-- Opening Marker --

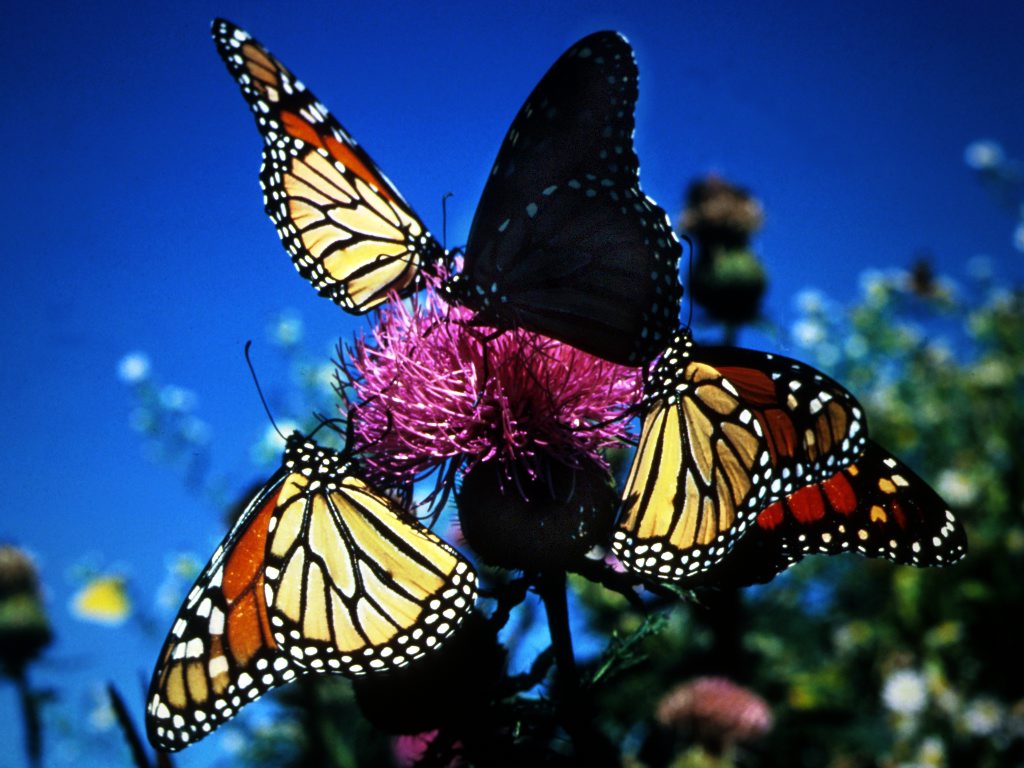 Animated Butterflies Wallpapers Colorful Butterfly - Monarch Butterfly , HD Wallpaper & Backgrounds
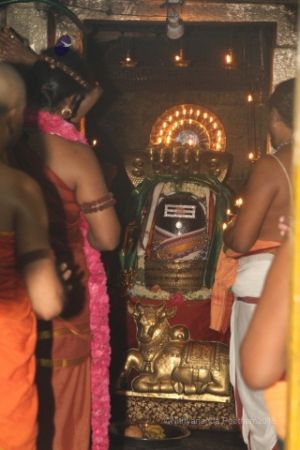 Batch IMG 1825-Photo-20120516-SSJP.jpg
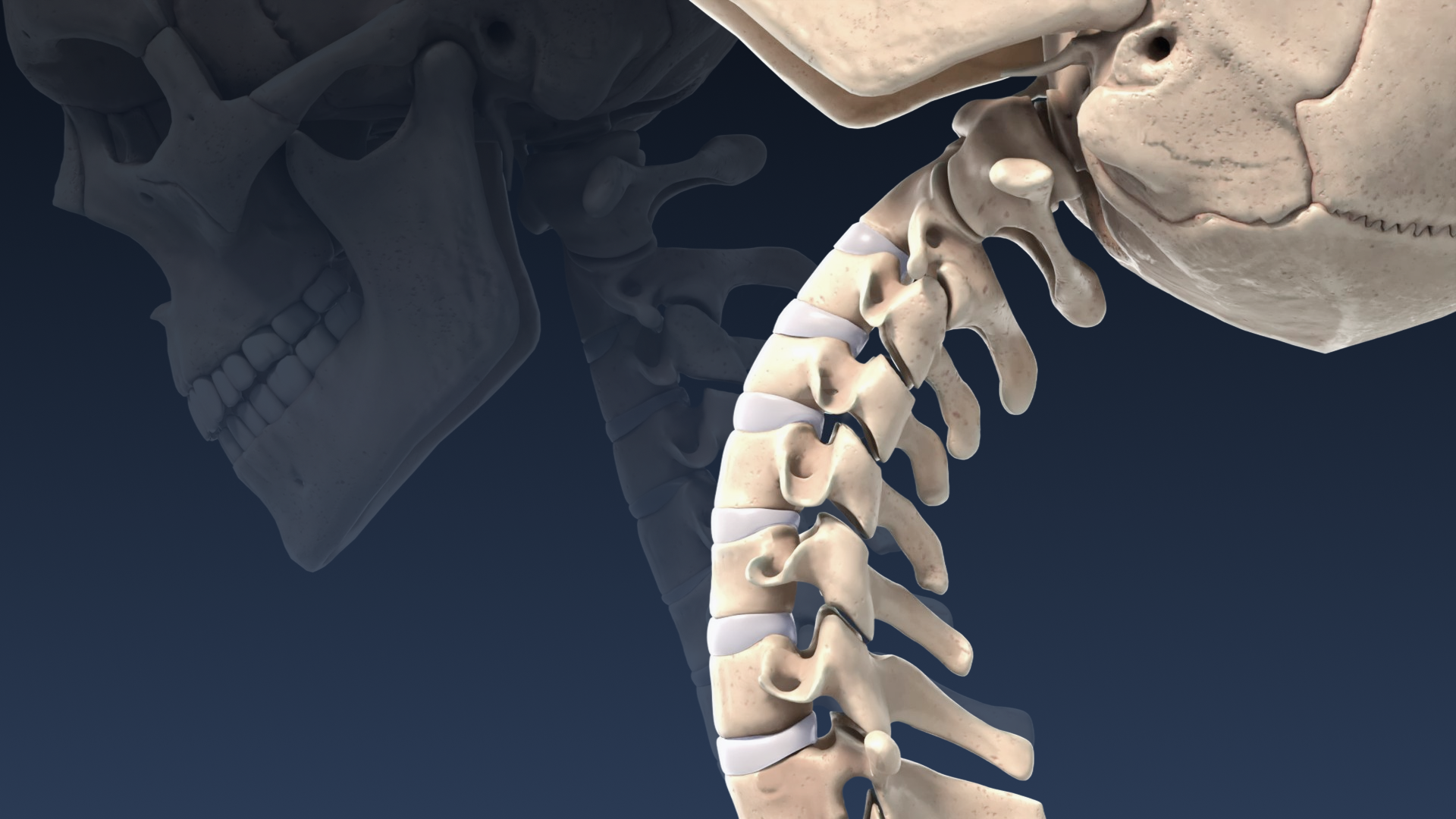 Flexion and extension of the neck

-- Closing Marker --

Task item = When copying, output the data exactly and leave out the pictures.

Answer section =
 Animated Butterflies Wallpapers Colorful Butterfly - Monarch Butterfly , HD Wallpaper & Backgrounds
 Batch IMG 1825-Photo-20120516-SSJP.jpg
 Flexion and extension of the neck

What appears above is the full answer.